A plan might then evolve based on the recon stage. After scouring the map with drones on offense or stationary cameras on defense, we consider where the enemy might come from and base our strategies around map advantages or disadvantages. With destructible surfaces, it’s important to remember that sightlines aren’t just limited to open doorways or windows, but any breakable surface. Each map is a labyrinth of levels, rooms, and surface types, littered with all sorts of domestic debris. The aural landscape is decidedly less busy, the only component beyond natural ambience (the low hum of a refrigerator, a distant house party, barking dogs) are the footsteps of players and short bouts of percussive violence.
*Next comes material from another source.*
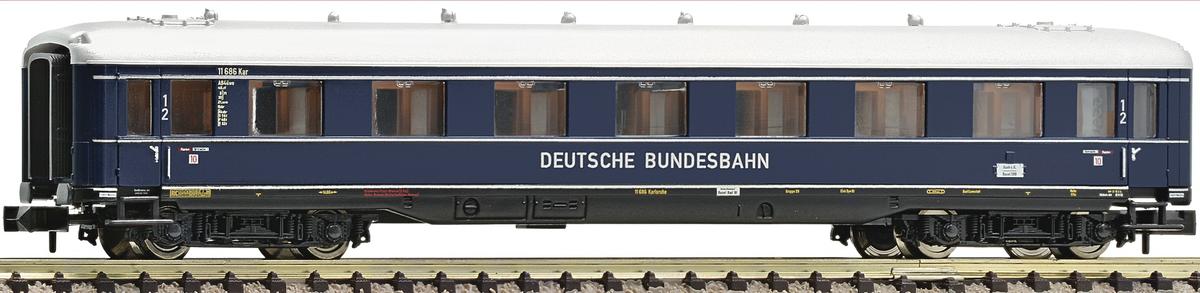 1st/2nd class streamlined express train passenger car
It’s an eerie effect that contributes to the urgency of proper preparation. There’s less than a minute to find the objective or set up defenses, which imbues every decision with weight and consequence. For RonBurgundy69, throwing down that body armor was probably quite the thrill.
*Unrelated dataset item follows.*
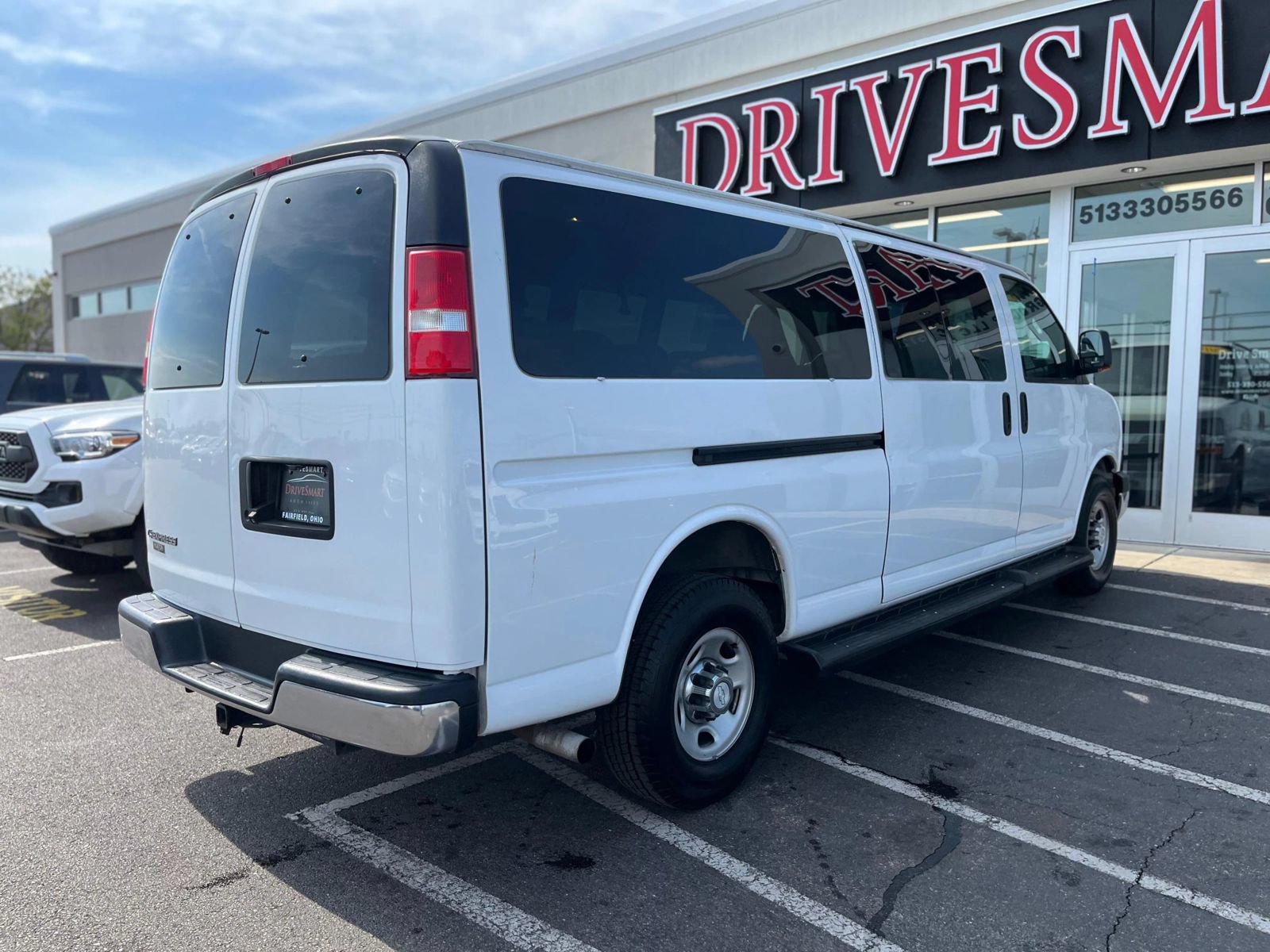 Used 2019 Chevrolet Express 3500 LT w/ LT Preferred Equipment Group RWD image 11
I know, because when I’m setting up bulletproof barricades as Castle, I brace my entire self against the F key as the dense weave unrolls and snaps into place. A voice in the back of my skull says, 'You should’ve barricaded the south door, idiot.' Or as Thermite, when I watch the fuse on a breach charge begin its slow path towards detonation, I kick off a debate over when to start cooking a frag grenade. The internal friction is such that I feel my heart might pop or I'll make a mess in my pants before the shooting even starts. I love this kind of (self) destructive tension, even if I’m not sure it’s good for me. Granted, I’m easily anxious. FPS games typically bank on reflex, and I’ve never been quick enough to excel. But Siege banks more on slowburn psychology rather than twitch skills.
There’s a maddening cycle of thought involved—it makes me think about how I’m thinking the more I play. We were constantly disrupting our own habits. On defense, our initial instinct was to hang out in the objective room and build an impenetrable fortress. It worked half the time. Then we got the idea to use the objective room as a trap. We fortified it as normal, but hung out on the outside perimeter until the enemy team gathered around the objective, at which point we’d come in from the floor and ceiling, breach a few intentionally open walls, and lay waste.
But now we expect them to expect that plan, which means we revise to accommodate for layers and layers of potential. Siege is best as a psychological race, where you’re attempting to outwit instead of outshoot your opposition.
The race isn’t so simple, though. It’s not always easy to find a random group of people willing to forgo old win-win-shoot’em habits in order to develop a good plan, so a vague restlessness saturated each team. Out of this, archetypes began to emerge, and usually for the better. Any time the Lone Wolf somehow took out three enemies, when the Bumbling Idiot (me) pressed the grenade key instead of the healing key, or when the Lame Leader barked another lame command, I felt a thrill, laughter, frustration, something—all from my teammates’ personalities emerging through their play styles. Siege is an incredibly expressive game, and though I love playing with rigid tacticians, it’s far from a waste with a motley crew.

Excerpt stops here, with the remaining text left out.